Ms O'CONNOR (Clark - Leader of the Greens) - Madam Speaker, as a matter of 
principle the Greens support the suspension of the Standing Orders in 
order to have the substantive debate. I believe that is the first time I 
have heard the Minister for Health beg in this place. We had the minister 
there, who unarguably has made some intemperate remarks, beg Opposition 
members not to egg on the unions. 

Standing behind the Health Minister is the Treasurer, and if there is one 
person in this place who should be held responsible for the enormous and 
unproductive tension between public sector workers and government in 
Tasmania, it is the Treasurer, who for nine months dug in on the 2 per 
cent, told public sector workers it was 2 per cent or nothing - 'my way or 
the highway' Gutwein.

We have come to the point where the Minister for Health has apparently 
done his lolly on radio out of frustration, but it goes back many months 
to an attitude of arrogance towards public sector workers and their union 
representatives that has brought us to a place where we have fantastic 
nurses at the Mersey taking industrial action, bus drivers prepared to 
take industrial action, and teachers and other educators prepared to take 
industrial action because they are being treated unfairly. They are being 
underpaid and they are being dismissed. We have got to a point after nine 
months where the conflict between government and public sector workers has 
become so intense that we now have rolling industrial action across the 
state that was avoidable.

We had to cop in last year's state budget speech from this Treasurer, 'my 
way or the highway' Gutwein, that we are in a golden age. We had to 
listen to the Premier say in his incredibly poorly written and constructed 
state of the state speech, that this is Tasmania's time to shine. You 
cannot on the one hand say that we have entered the glory days, and on the 
other, say to your thousands of hardworking, loyal public sector workers, 
'When we said that we didn't mean you.' This is from a government that 
brought legislation into this place in the last term to give every one of 
us a pay rise substantially over 2 per cent, prepared to peg this 
parliament's salary at the wages price index, but says to public sector 
workers, 'No, you can stick on 2 per cent and we're not budging'. Then 
when finally there is some sign that they will be budging, we hear the 
public sector workers might be asked to give up their Easter Tuesday. 

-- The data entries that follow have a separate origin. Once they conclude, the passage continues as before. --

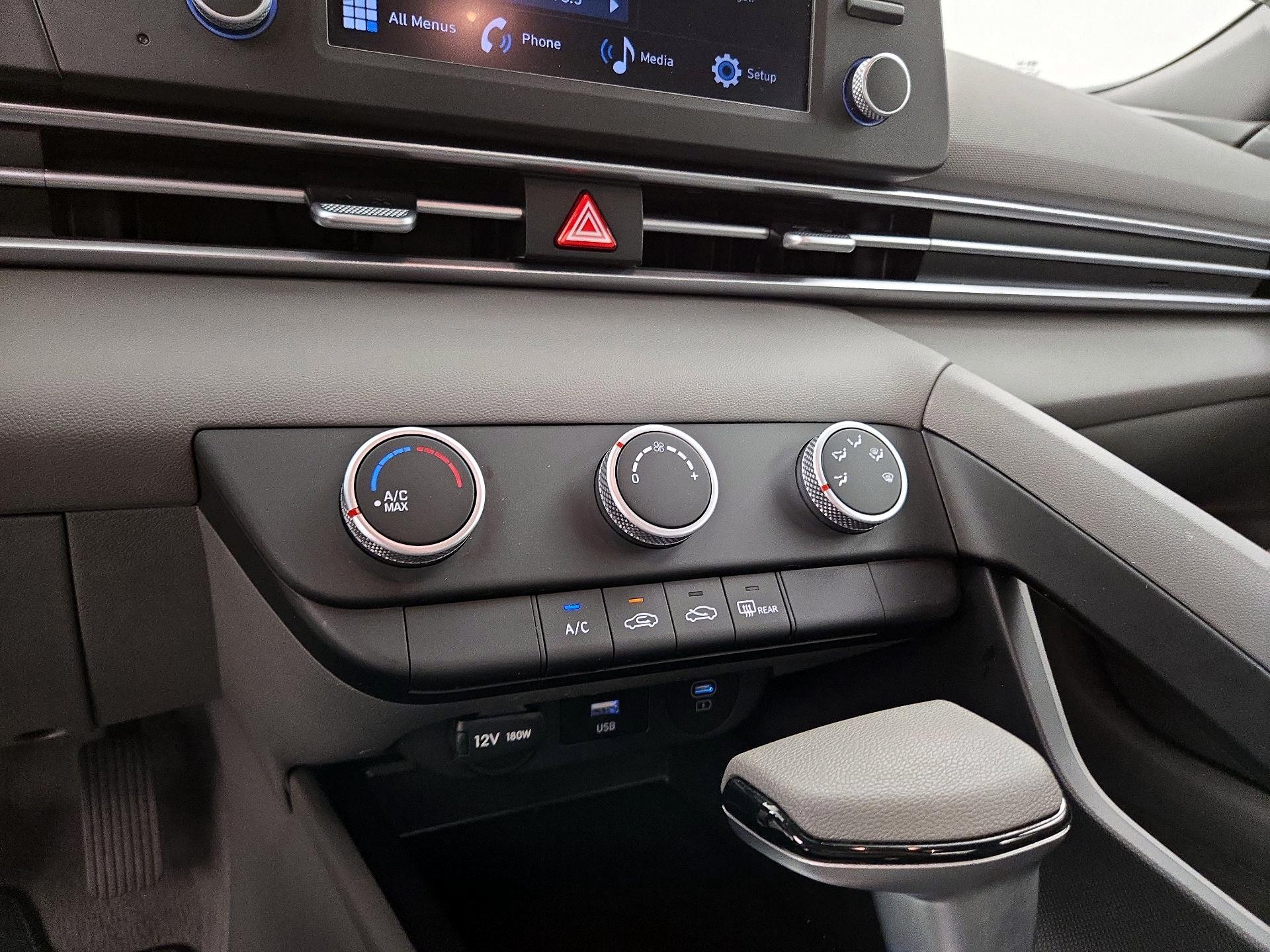 Thumbnail: 2024 Hyundai Elantra - 16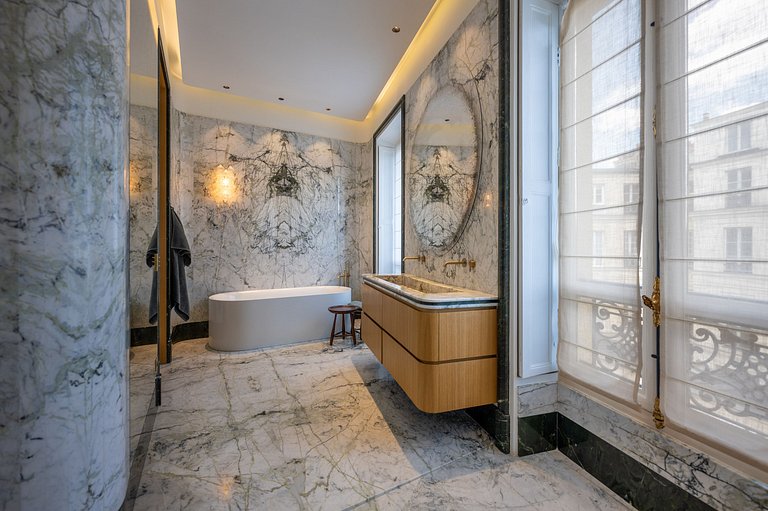 Par033 = Appartement de prestige à Paris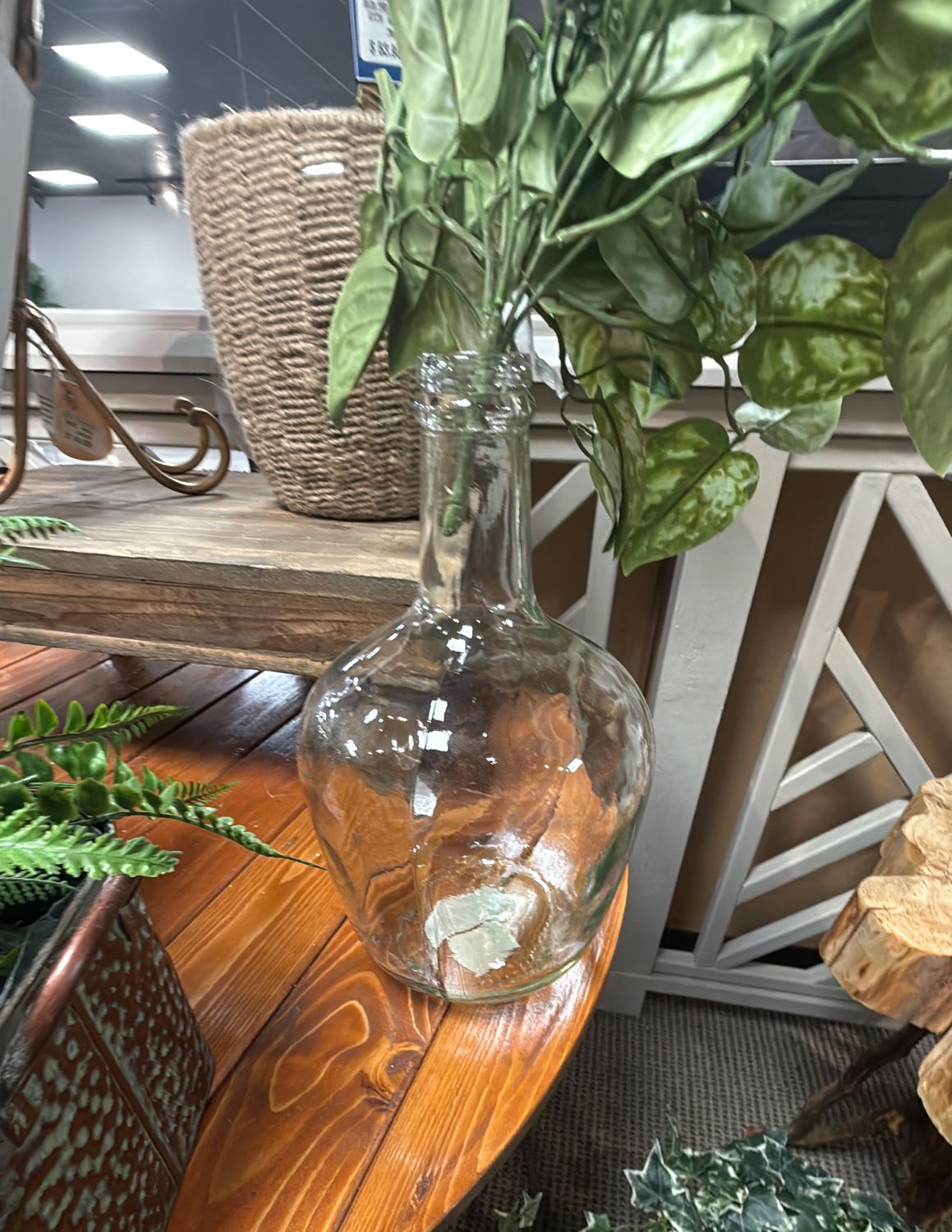 CLEAR GLASS BOTTLE VASE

It is all very well to censure the latest government minister who has been 
caught in this situation, but the malaise and the conflict goes back 
further than nine months. It goes back into the last term of the 
parliament where a culture was set by the Liberals when they came to 
government, and it is in the DNA of conservative parties to be 
antagonistic towards unions. So the culture was set. We saw hundreds of 
public sector workers lose their jobs across health, human services, 
education and biosecurity. It is unarguable that one of the first things 
that happened under this Liberal majority Government was an attack on the 
public service, so it set the dynamic which has remained toxic to this day.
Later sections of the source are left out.